_Exercise instructions:_ From the line that contains "VMI_Basketball's tweet image." through the closing line of the entries, write out each line exactly; pictures stay out.

(Information provided begins)

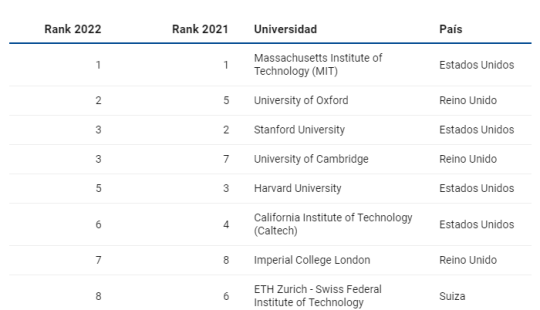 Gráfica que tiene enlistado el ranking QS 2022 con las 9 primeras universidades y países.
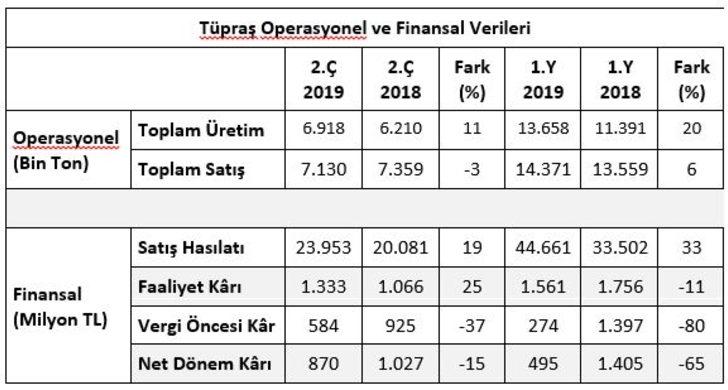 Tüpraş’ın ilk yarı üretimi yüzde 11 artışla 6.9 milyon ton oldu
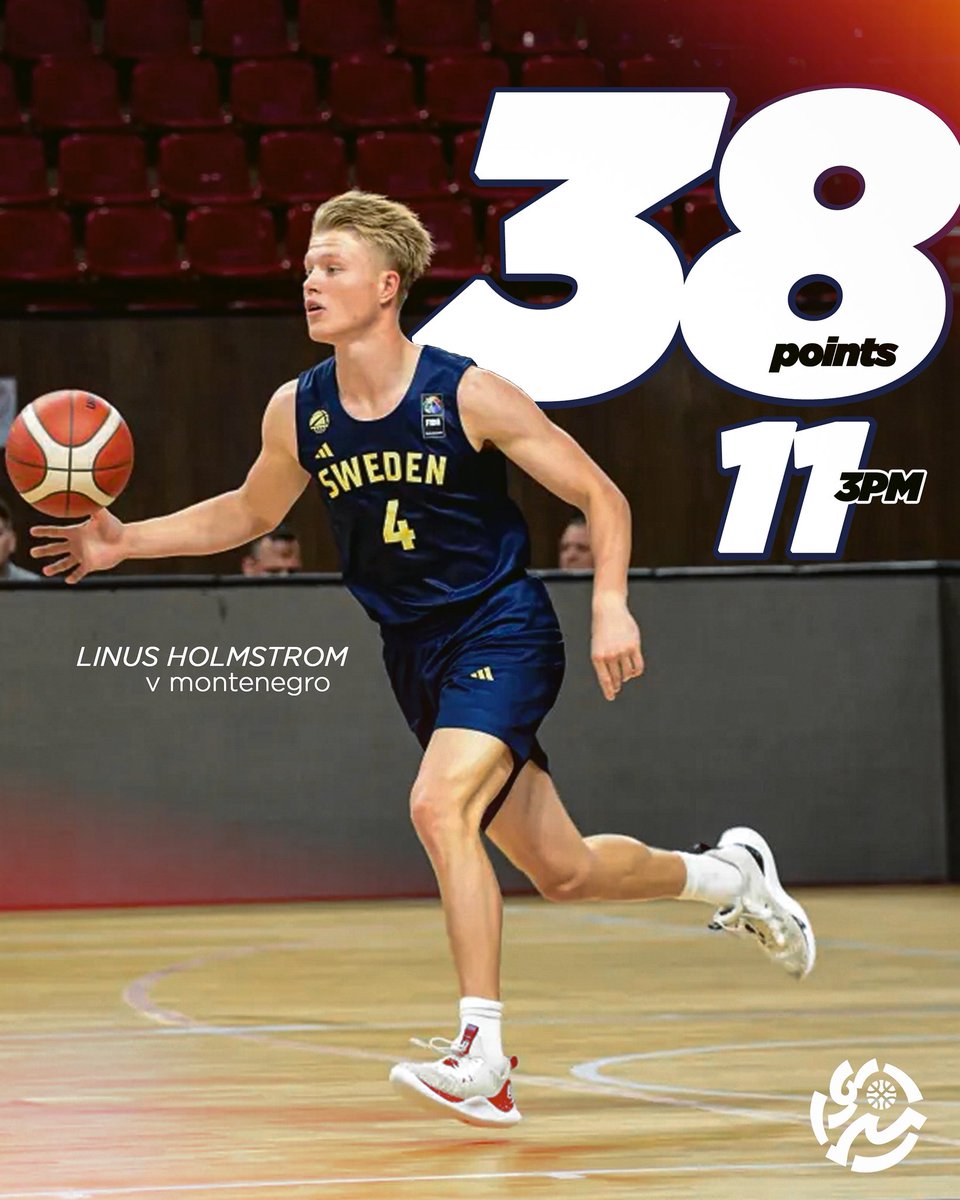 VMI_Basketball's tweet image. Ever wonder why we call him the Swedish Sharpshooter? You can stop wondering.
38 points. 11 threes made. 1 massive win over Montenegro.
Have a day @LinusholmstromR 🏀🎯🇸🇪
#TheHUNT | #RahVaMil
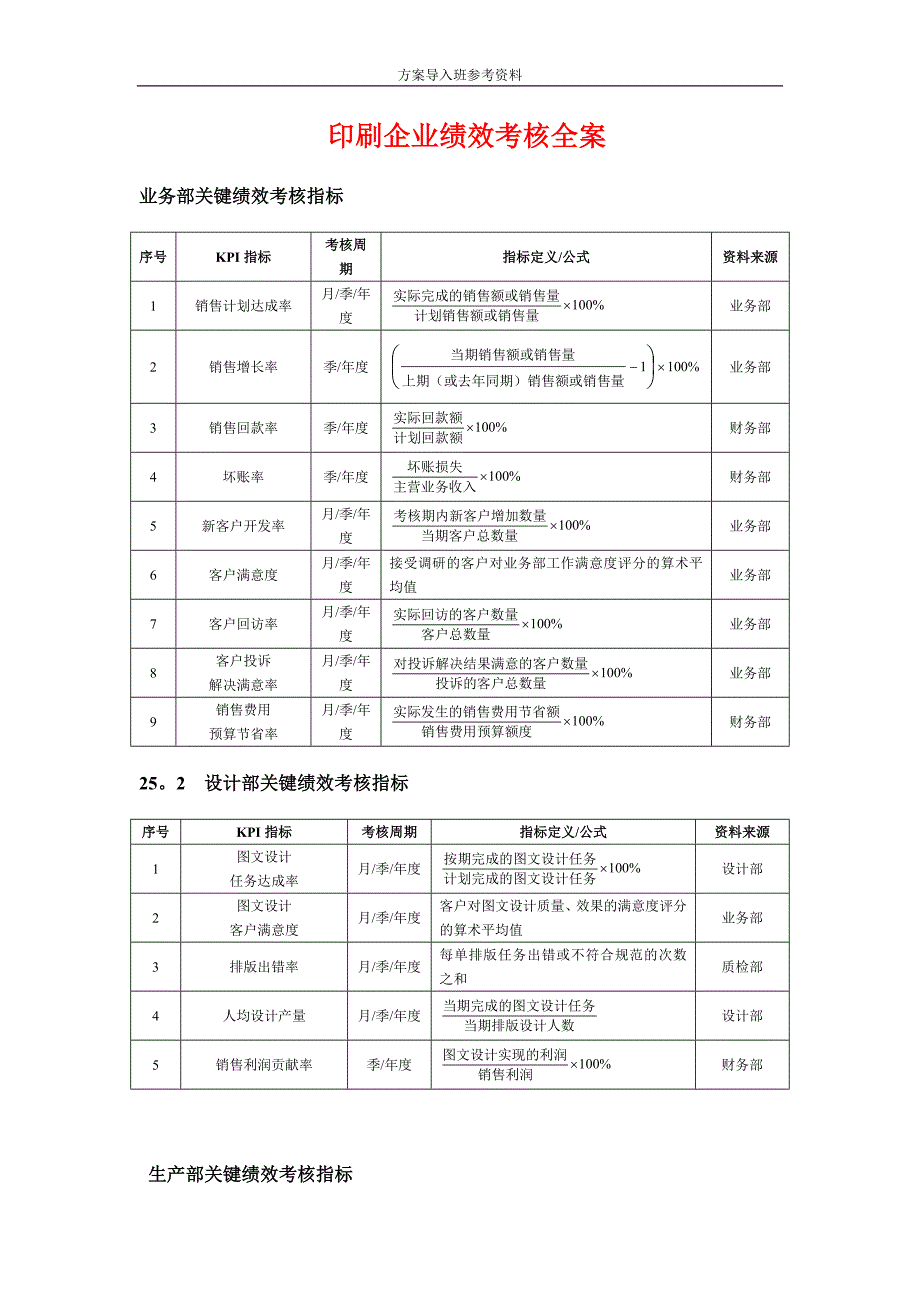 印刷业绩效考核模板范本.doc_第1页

(Information provided ends)

_Written solution:_
 VMI_Basketball's tweet image. Ever wonder why we call him the Swedish Sharpshooter? You can stop wondering.
38 points. 11 threes made. 1 massive win over Montenegro.
Have a day @LinusholmstromR 🏀🎯🇸🇪
#TheHUNT | #RahVaMil
 印刷业绩效考核模板范本.doc_第1页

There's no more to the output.